Wildfires, Volcanic eruptions and climate intervention
About
Aerosols in the stratosphere play a crucial role in the Earth’s climate system by scattering solar radiation, which directly impacts global temperatures. Various events, such as volcanic eruptions, extreme wildfires, and artificial solar geoengineering, can significantly increase stratospheric aerosol concentrations.
Volcanic Eruptions: Strong volcanic eruptions can inject large quantities of aerosols directly into the stratosphere, often resulting in a cooling effect on global surface temperatures that can last for months or even years. For instance, the eruptions of Raikoke in 2019 and Tonga in 2022 increased the stratospheric aerosol load significantly, impacting the climate. Each eruption is unique in terms of aerosol composition and lifetime. Understanding the role of ash in the optical properties of aerosols and its climate impact remains an ongoing research focus.
Extreme Fire Events: Severe wildfires can propel smoke particles and water vapor high into the atmosphere, sometimes reaching the stratosphere through pyro-convection.
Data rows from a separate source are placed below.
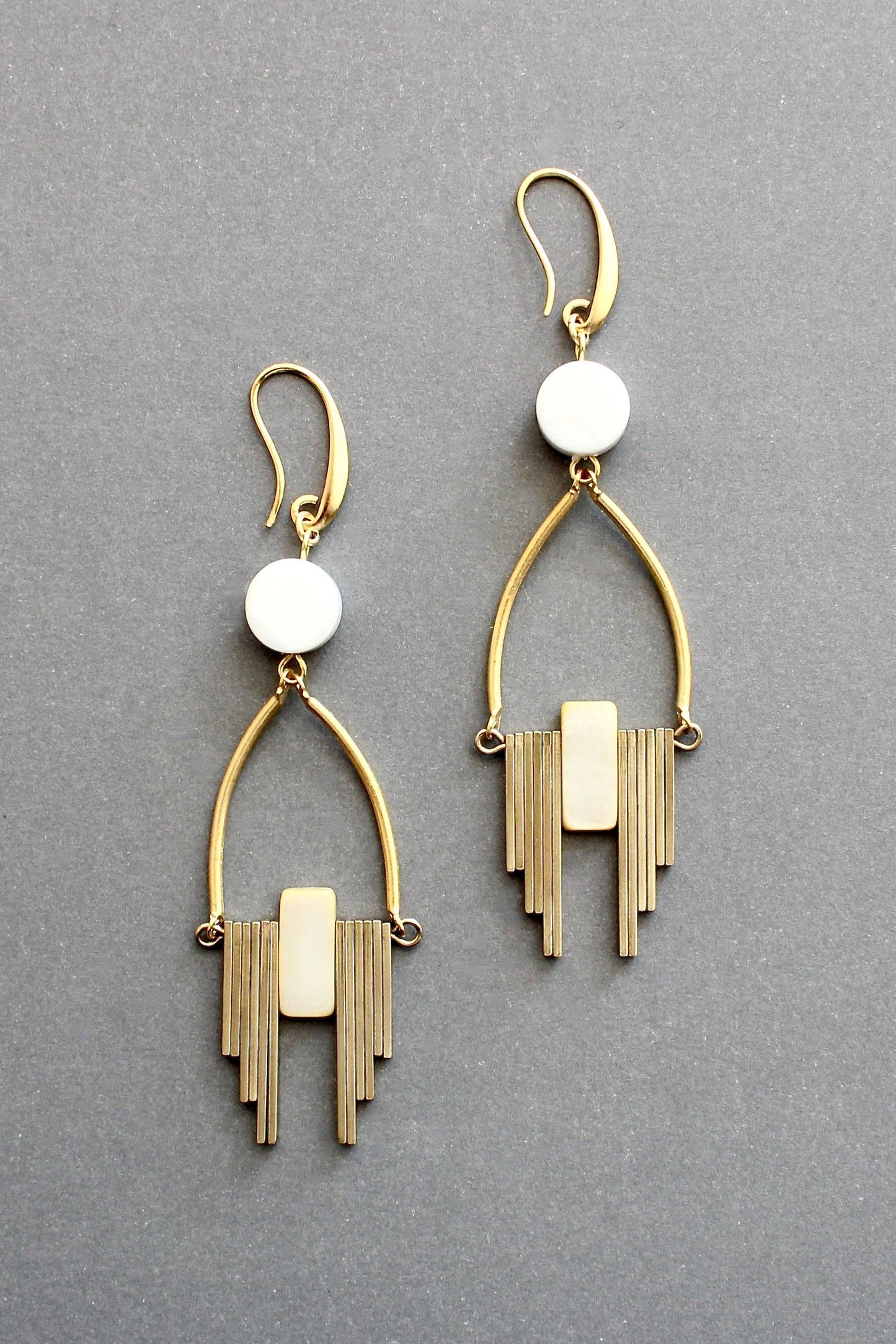 Magnesite and mother-of-pearls Earrings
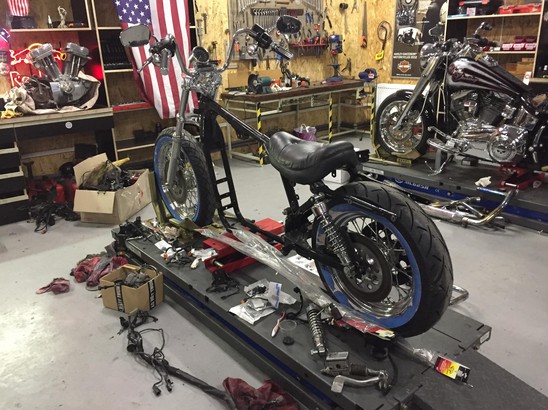 BigTwin После пожара Sportster 883 Hugger, 1999 г.в. 
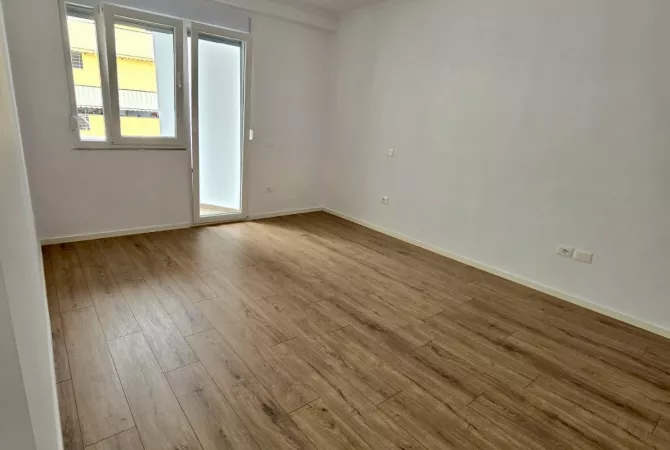 Shtepi ne shitje Apartament ne Tirane, 2+1, Mobilimi Bosh, pa mobiluar, Pagesa 210,000  Euro.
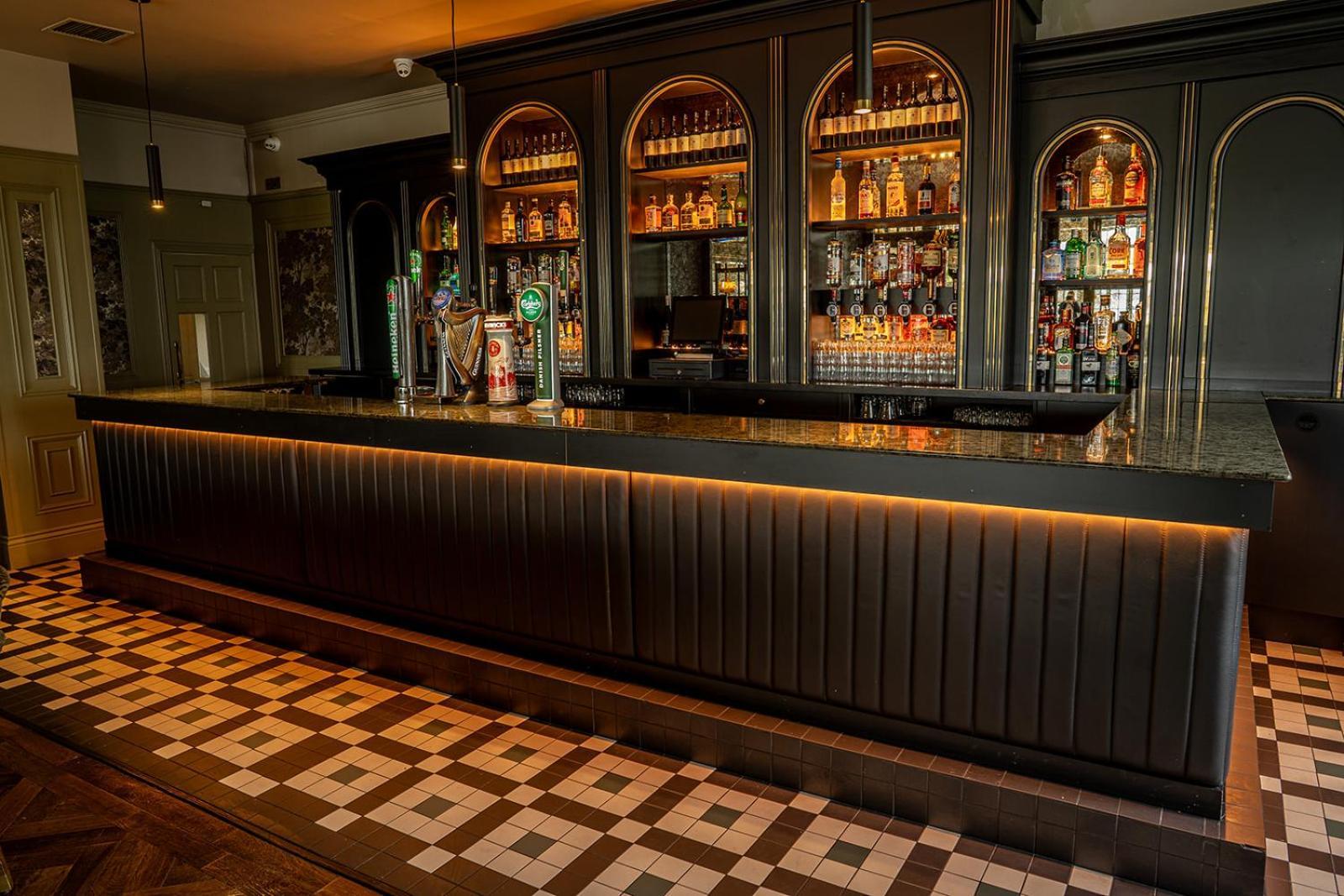 Crover House Hotel & Golf Club Mountnugent 외부 사진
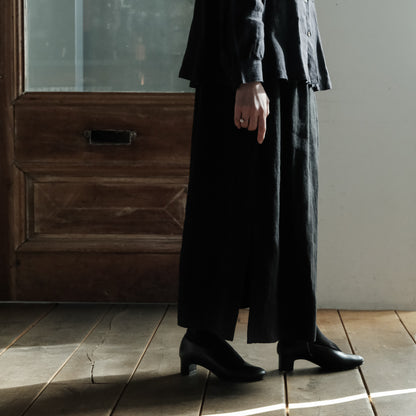 AUTTAA／Soft low cut pumps black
With global warming, the frequency and intensity of wildfires are increasing, making them a growing factor in stratospheric aerosol levels. Events like the Canadian wildfires in 2017 and the Australian fires in 2019/2020 caused stratospheric disturbances comparable to moderate volcanic eruptions. Unlike volcanic aerosols, wildfire aerosols vary greatly in their optical properties and can have both cooling and warming effects on the climate, depending on the specific event.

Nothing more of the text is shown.